El mito es así una trama discursiva que en cada caso se apropia de un elemento ya
cargado de significación, y lo deshace y rehace arbitrariamente. El significado de las cosas
observables, el paisaje, es lo que hace que la cultura sea un hecho simbólico. El agua, la
tierra, el mar, las cuevas, los campos cultivados, los montes, están cargados por un
significado que surge de los textos, es decir, de los discursos escritos. La Odisea como
texto, como fijación de un discurso, teje una trama espesa de significados de tal manera que
se vuelve imposible enfrentarse desnudamente a la geografía, al paisaje.
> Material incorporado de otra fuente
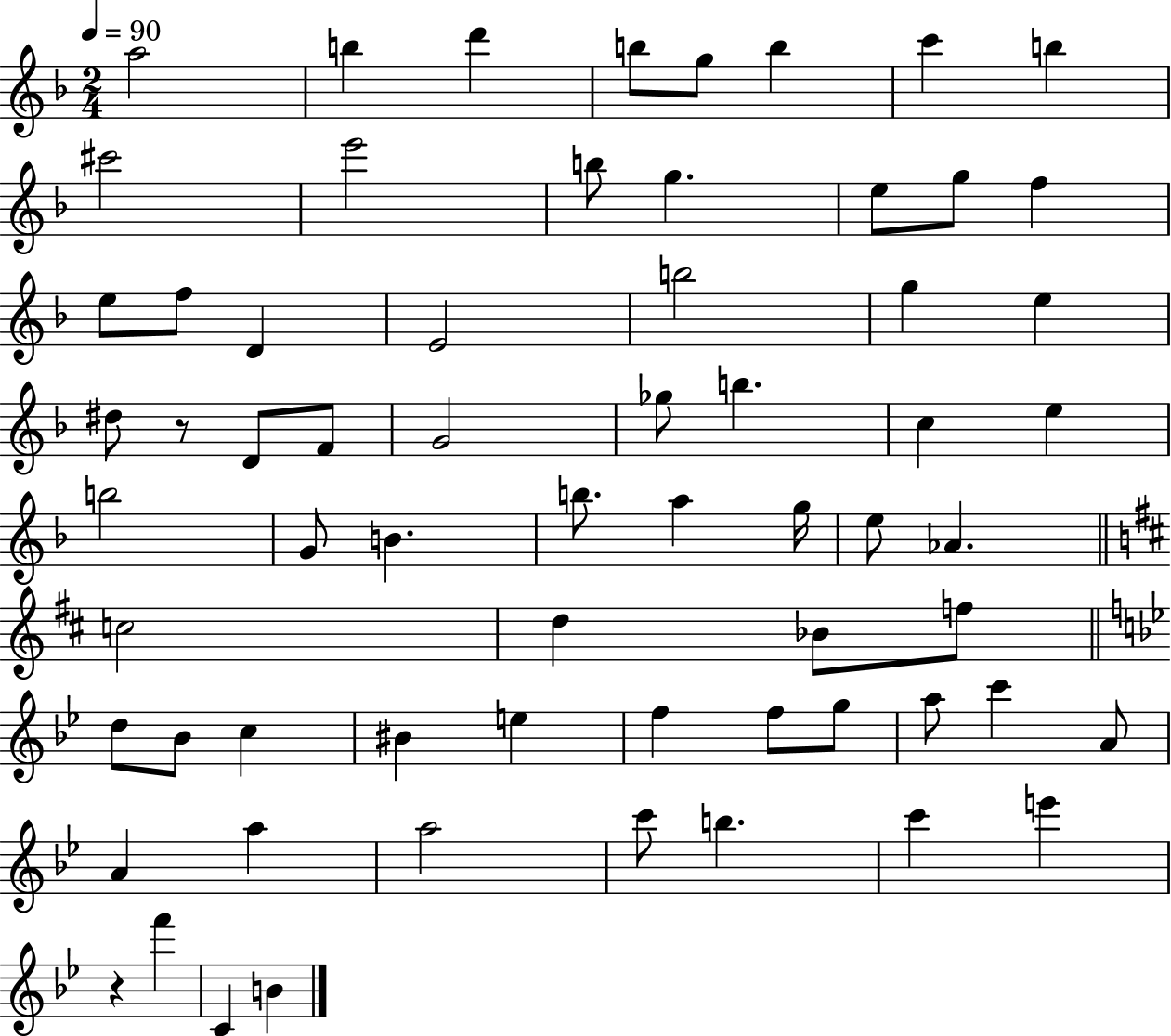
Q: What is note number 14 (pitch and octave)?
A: G5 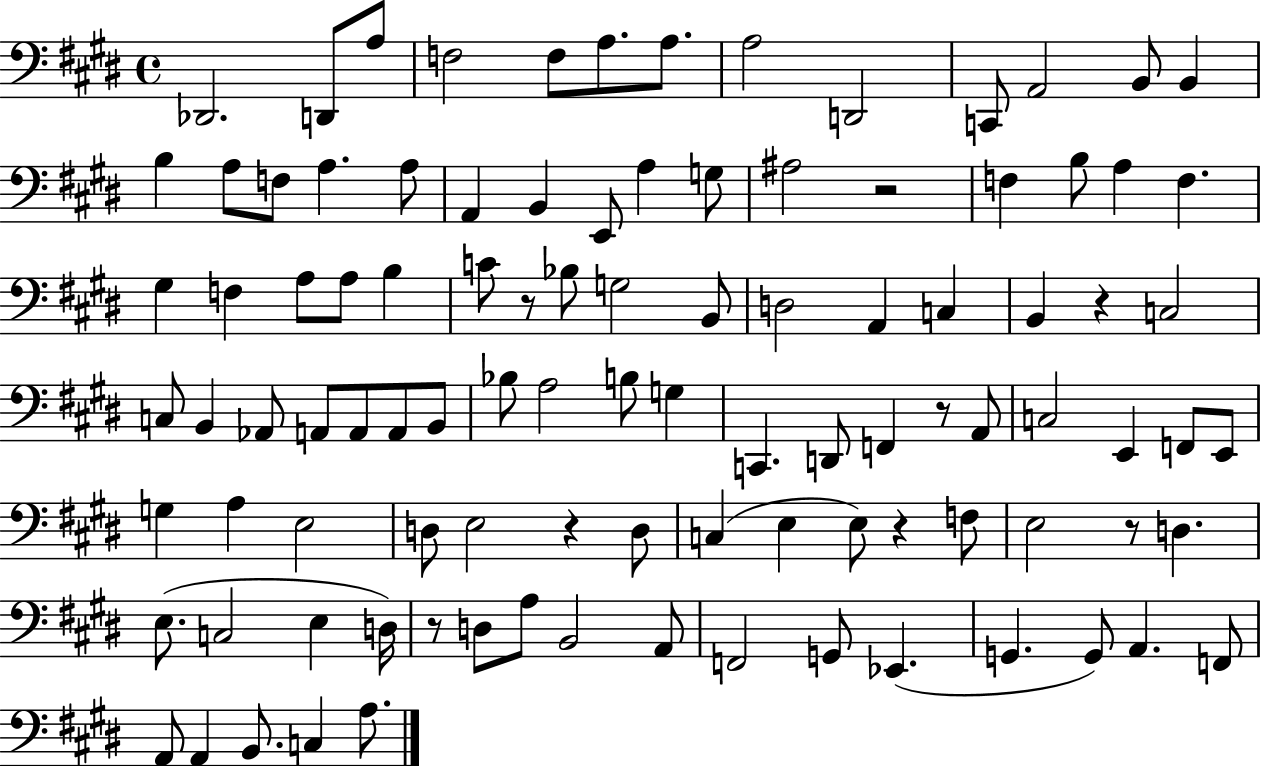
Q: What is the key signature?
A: E major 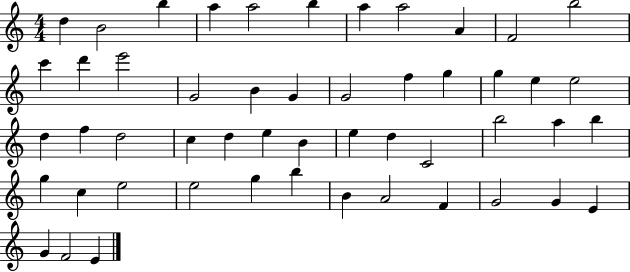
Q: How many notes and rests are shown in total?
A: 51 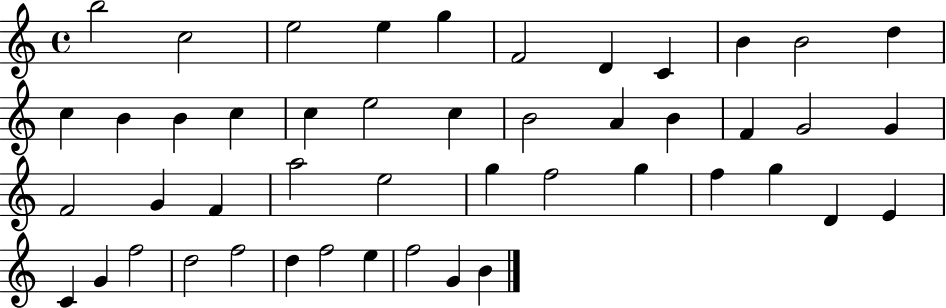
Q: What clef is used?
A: treble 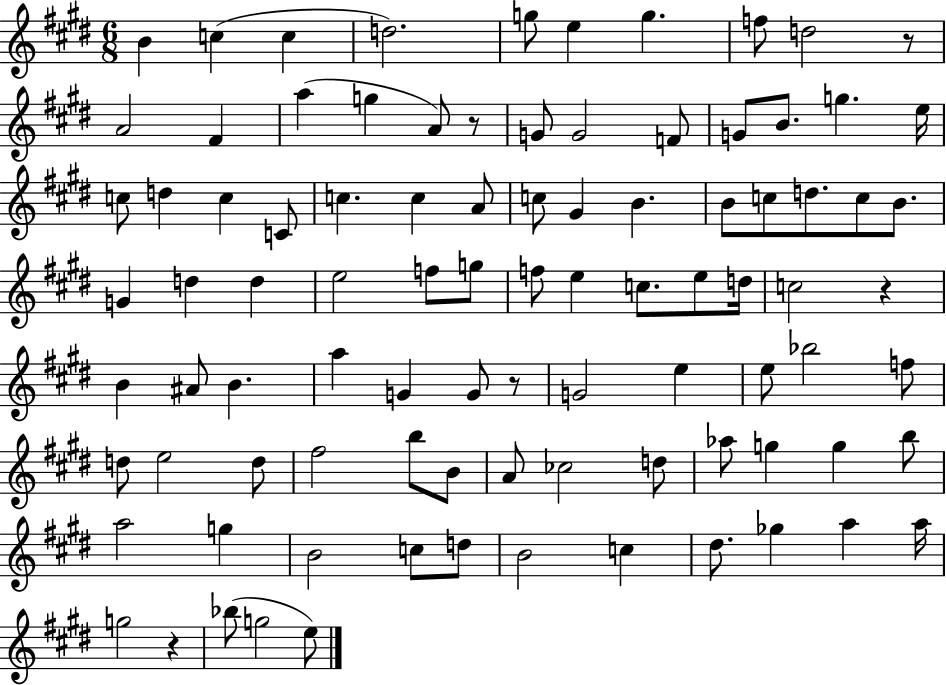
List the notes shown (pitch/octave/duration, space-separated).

B4/q C5/q C5/q D5/h. G5/e E5/q G5/q. F5/e D5/h R/e A4/h F#4/q A5/q G5/q A4/e R/e G4/e G4/h F4/e G4/e B4/e. G5/q. E5/s C5/e D5/q C5/q C4/e C5/q. C5/q A4/e C5/e G#4/q B4/q. B4/e C5/e D5/e. C5/e B4/e. G4/q D5/q D5/q E5/h F5/e G5/e F5/e E5/q C5/e. E5/e D5/s C5/h R/q B4/q A#4/e B4/q. A5/q G4/q G4/e R/e G4/h E5/q E5/e Bb5/h F5/e D5/e E5/h D5/e F#5/h B5/e B4/e A4/e CES5/h D5/e Ab5/e G5/q G5/q B5/e A5/h G5/q B4/h C5/e D5/e B4/h C5/q D#5/e. Gb5/q A5/q A5/s G5/h R/q Bb5/e G5/h E5/e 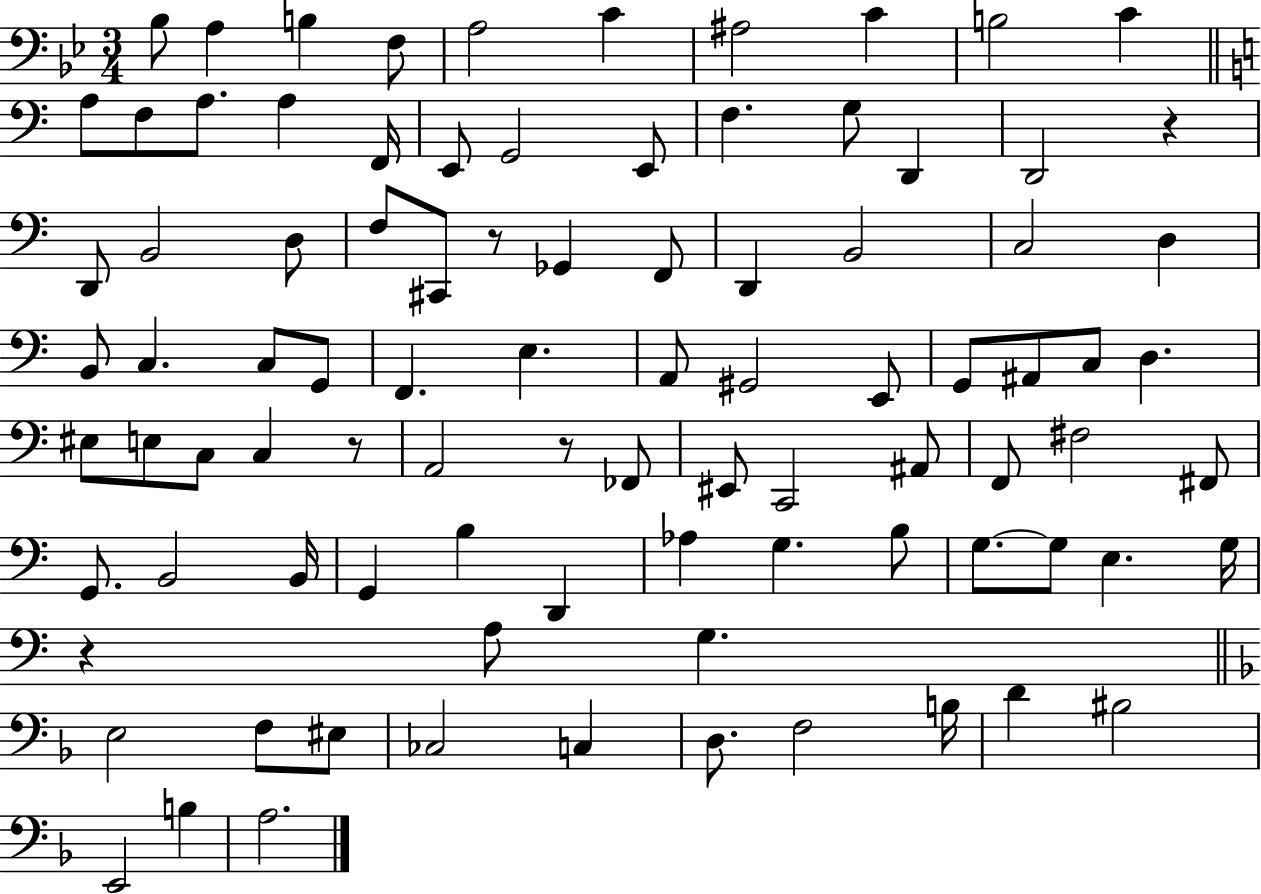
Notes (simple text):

Lo simbólico no es
una entidad que subyace ni una estructura, sino una propiedad inmaterial que sin embargo
se encuentra en lo material.
Conclusión
El texto odiseico produce un espacio mental sobre el que lo propiamente humano se da. La
dimensión simbólica humana, ese tópos en donde todos habitamos, es el resultado de una
producción textual compleja, de un conjunto de escrituras y reescrituras que pierden,
siempre, el texto original. Un texto mitológico supone, como pensaba Lévi-Strauss, una
reescritura, una apropiación, pero libre, contingente y azarosa. La espesura del texto no
radica en las múltiples relaciones invariables que un texto contiene, sino más en la
acumulación contingente y heterogénea de discursos. Esa es la profundidad del texto que
una interpretación densa, espesa, debe poder dar cuenta. Odisea, el texto mismo, es la
escritura de la geografía griega para el poeta y sus oyentes. Cuando el griego mira el
paisaje, a través de la Odisea, se está viendo a sí mismo como hombre.